The greatest challenge test participants experienced in the three tasks we posed to them was efficiently completing web-based task 2, finding the highest temperature ever recorded in March at the airport in Winnemucca. All 10 participants first went to the “historic station data lister” and listed maximum temperature for the station’s period of record. After listing daily data for the station’s period of record, they realized that was not the right way to answer the question and began to search for other options, eventually arriving at the data analysis tools. In the first round of testing, we intended participants to go to the navigation tab, labeled “station data tools,” where there were several tools available that allow participants to answer the question. As this labeling did not prompt participants to click on it, we changed the navigation tab to “data analysis” for the second round of testing. Unfortunately, participants were still not motivated to click on this link to complete the task that required data analysis. We remain challenged to find the best way to prompt people to utilize the variety of analyses we have provided. Interestingly, half of the participants said that when they got to the point of listing the period of record maximum temperature data, they would not have continued to look for analysis tools. They would have pulled the data into analysis software (such as MATLAB or Excel) to obtain the maximum March temperature. These participants said they preferred to do things in this manner, as they may need the data later for other applications. They stated that the analysis tools were “neat” and “good for quick answers.” The result of this piece of the test raises two questions: Does our target audience want analysis tools? If so, how do we advertise the tools and let it be known that they are available?

CONCLUSIONS.

Watching target users complete tasks on SCENIC provided us with valuable information on how people in the target audience, researchers with the SW-CSC, use the site and allowed us to fix a number of roadblocks to usability as well as programming bugs. Results of SUS scores rose from 63 in the first round of testing to 67.5 in the second round, indicating some level of improvement to the site. These scores fall in the “average” range for a website (Fig. 4), indicating there is still considerable progress to be made. We found that while usability testing uncovers usability issues on a site, it is not always clear how to modify the site to remedy these problems. We were not able to rectify all usability challenges in the two rounds of testing on SCENIC, though the testing made us aware that these issues exist and allows us to further work to improve the site.

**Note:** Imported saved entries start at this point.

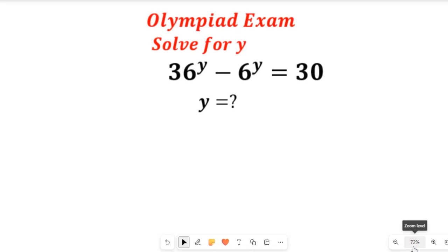In this video, you will learn how to solve this nice Olympiad mathematics question. We are asked to solve for y in the equation: 36 to the power of y minus 6 to the power of y equals 30.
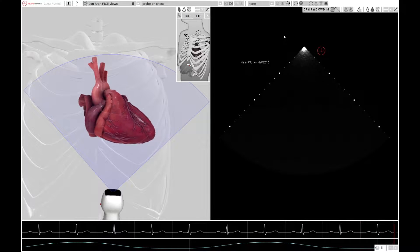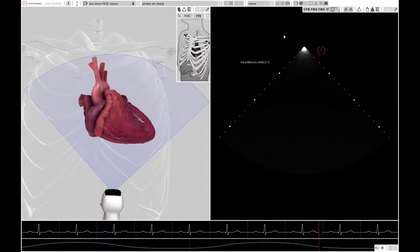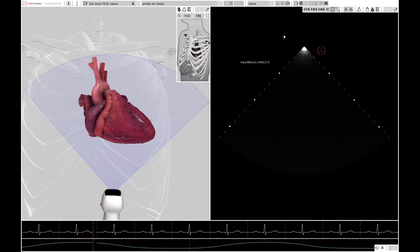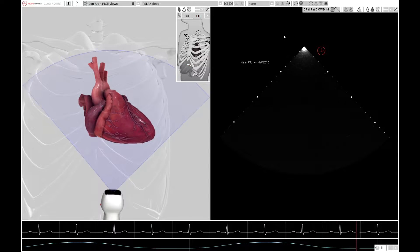Hello there, and welcome to our short video on how to acquire the Focused Intensive Care ECHO, or FICE views, that are required for this accreditation. There are a few extra views in there as well, which may be for your own learning benefit. Thank you very much to HeartWorks for allowing us to use their kit in producing this video.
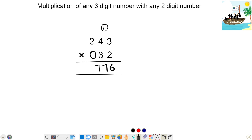1 carry. Next step: 2 times 2. We will change the 0. 0 plus 2 times 3 is 6. 0 plus 6 is 6. Then 7. Last step: 2 times 0 is 0. We will write 0. The final answer position is 0.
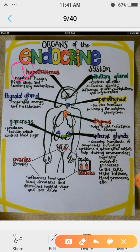Number 2, pituitary gland. Pituitary gland is known as the master gland of the human body. Why? Because it controls all other endocrine glands, and influences growth, metabolism, and regeneration of the human body.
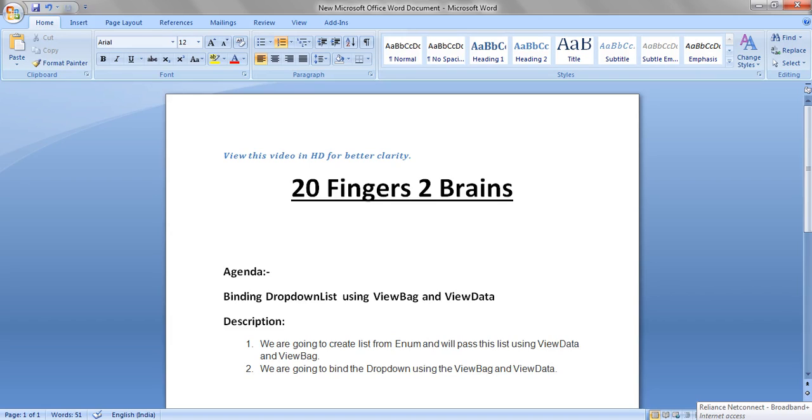Now we are going to create a list from enum and we will pass this list using ViewData and ViewBag to the view. And we are going to bind the dropdown using ViewBag and ViewData.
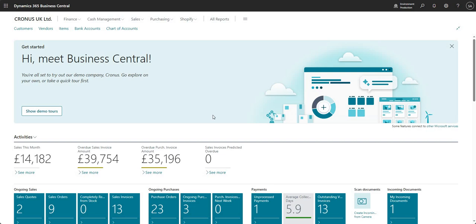Hi there everyone, welcome to this video. In today's video we are going to talk about general journal approvals. We've got a few videos on approving documents, but just for this video we're going to focus on approving general journals within Business Central. You could set this up on your environment if you wanted to set up approval for processing any journal within Business Central.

Performing this testing allowed us to interact with our target audience and ask questions that helped us decide on the naming of certain elements of the site. Though the sample size for these questions (n = 10) is not large enough to be statistically significant, it still provided us with useful insights into how our target audience perceives various terms used frequently in climate data. The card-sorting activity revealed that our participants consistently rank location of data as the most important factor when searching for data and source as the least important. This challenges climatologists with how to provide data in a streamlined manner while still making sure the user is aware of any caveats to the data (which the user may or may not be concerned with).

The challenges and lessons learned presented here are not unique to the climate data presented on SCENIC. Any atmospheric or related data (satellite, air quality, streamflow, etc.) that can be offered over the Internet can benefit from usability testing, though the labeling and terminology challenges will likely be dataset specific. In summation, we suggest the following as best practices for creating web pages that provide climate data as well as other atmospheric data:

  • Usability testing is extremely useful in building this type of site; testing should be done early in the site development process and repeated often.

  • Work should be done with representatives from the target audience rather than office mates or research team members; this yields more meaningful results.

  • The way in which your target audience looks for the atmospheric data provided should be considered and the site should be designed to meet those needs.

  • Choosing labels and names of site elements can be extremely challenging and has a significant effect on the usability of sites providing atmospheric data; terms should be tested early, borrowed from other agency’s sites for consistency, and follow the respective historical terminology where acceptable.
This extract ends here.